═════ GIVEN DATA ═════

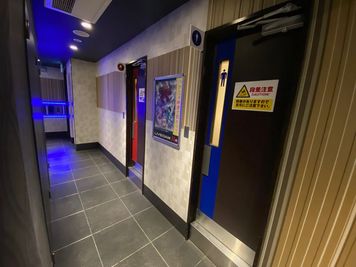 カラオケビッグエコー 熊本下通り店 《5～8名用》会議・打ち合わせ用ルーム【サイズM】の室内の写真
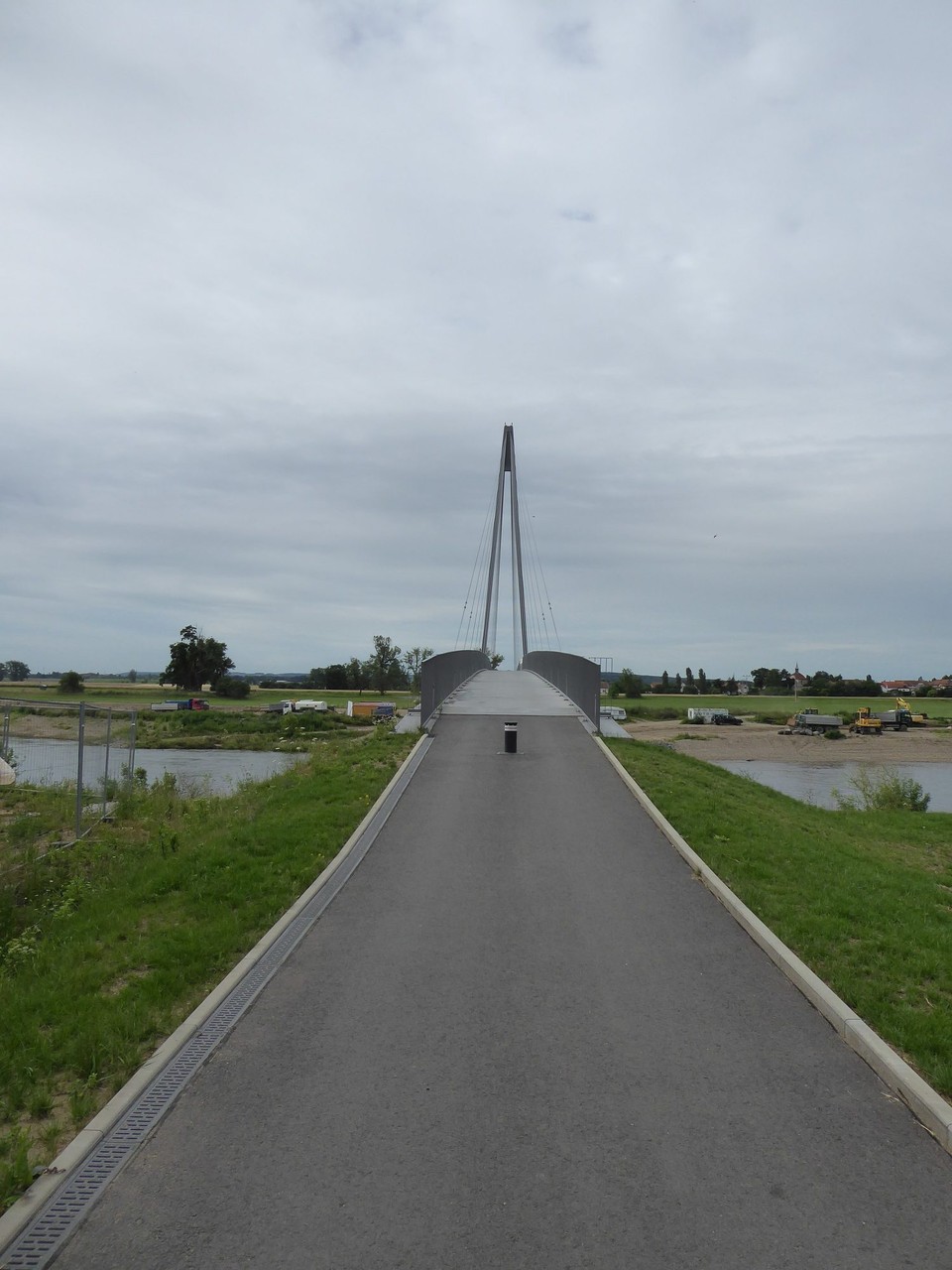 Tschechien - Prag - viele Steigungen, sehr viel Industrie und Zivilisation, oftmals viel schlechtere Wege als an der Elbe. Aber es gab auch Schön- und Besonderheiten. Diese schicke Fahrradbrücke zum Beispiel.
Das Nicht-Schöne fotografiere ich übrigens nicht, weil's keinen Spaß macht.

═════

» **WORK REQUEST**: Retype, word for word, the line containing "Tschechien - Prag" and each line after it through the end of the data, leaving any picture out.

» **OUTPUT OF THE EXERCISE**:
 Tschechien - Prag - viele Steigungen, sehr viel Industrie und Zivilisation, oftmals viel schlechtere Wege als an der Elbe. Aber es gab auch Schön- und Besonderheiten. Diese schicke Fahrradbrücke zum Beispiel.
Das Nicht-Schöne fotografiere ich übrigens nicht, weil's keinen Spaß macht.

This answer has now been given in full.